## Records to use
Content starts

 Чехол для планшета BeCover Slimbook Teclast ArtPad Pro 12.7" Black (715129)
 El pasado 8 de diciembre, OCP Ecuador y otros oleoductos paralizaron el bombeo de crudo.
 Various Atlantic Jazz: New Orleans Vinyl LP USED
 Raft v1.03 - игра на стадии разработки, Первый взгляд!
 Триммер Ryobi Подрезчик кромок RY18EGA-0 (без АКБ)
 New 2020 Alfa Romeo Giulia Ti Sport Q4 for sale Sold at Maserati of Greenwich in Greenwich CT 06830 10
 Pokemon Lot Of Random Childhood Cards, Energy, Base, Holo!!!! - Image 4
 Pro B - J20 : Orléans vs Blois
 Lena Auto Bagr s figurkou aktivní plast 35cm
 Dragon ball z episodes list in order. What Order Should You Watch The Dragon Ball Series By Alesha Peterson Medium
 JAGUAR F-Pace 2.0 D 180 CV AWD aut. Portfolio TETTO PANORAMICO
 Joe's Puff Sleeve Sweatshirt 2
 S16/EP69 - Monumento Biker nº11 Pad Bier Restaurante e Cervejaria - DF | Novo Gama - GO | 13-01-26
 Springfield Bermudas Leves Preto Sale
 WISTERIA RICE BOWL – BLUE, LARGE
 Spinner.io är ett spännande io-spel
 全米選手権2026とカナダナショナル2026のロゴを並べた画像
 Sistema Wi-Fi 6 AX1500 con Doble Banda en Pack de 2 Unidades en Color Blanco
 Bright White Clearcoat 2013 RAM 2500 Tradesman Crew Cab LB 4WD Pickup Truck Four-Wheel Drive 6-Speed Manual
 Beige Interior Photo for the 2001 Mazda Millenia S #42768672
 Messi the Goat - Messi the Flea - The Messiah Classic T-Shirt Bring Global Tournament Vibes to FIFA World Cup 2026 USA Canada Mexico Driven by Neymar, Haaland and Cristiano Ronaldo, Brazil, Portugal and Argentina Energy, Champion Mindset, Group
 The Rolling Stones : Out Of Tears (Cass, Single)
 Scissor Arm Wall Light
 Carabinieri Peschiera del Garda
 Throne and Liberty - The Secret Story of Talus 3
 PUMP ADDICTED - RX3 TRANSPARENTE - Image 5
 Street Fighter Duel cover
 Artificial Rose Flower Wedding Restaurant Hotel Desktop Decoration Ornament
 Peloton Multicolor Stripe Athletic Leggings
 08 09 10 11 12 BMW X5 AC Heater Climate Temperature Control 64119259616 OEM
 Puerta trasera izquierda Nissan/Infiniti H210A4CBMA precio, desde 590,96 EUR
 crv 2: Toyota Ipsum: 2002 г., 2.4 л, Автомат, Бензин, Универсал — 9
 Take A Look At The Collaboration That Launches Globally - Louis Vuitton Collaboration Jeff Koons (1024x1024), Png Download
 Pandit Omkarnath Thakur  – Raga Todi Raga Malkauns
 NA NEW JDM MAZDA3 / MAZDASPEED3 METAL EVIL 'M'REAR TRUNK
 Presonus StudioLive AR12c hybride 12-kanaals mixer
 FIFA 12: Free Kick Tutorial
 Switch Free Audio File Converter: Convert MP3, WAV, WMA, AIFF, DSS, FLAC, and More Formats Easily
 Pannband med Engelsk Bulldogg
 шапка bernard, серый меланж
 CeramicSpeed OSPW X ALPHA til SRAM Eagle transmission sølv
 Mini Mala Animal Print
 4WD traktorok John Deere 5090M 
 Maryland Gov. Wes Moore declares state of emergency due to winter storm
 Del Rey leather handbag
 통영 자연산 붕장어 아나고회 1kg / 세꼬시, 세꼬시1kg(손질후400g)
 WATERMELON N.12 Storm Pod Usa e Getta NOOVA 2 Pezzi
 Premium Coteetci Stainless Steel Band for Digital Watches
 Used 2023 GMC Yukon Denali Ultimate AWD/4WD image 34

Content ends

## Work required
Every line of the entries above that contains the word "Energy" must be tallied, and the number alone reported.

## Solution to the problem
2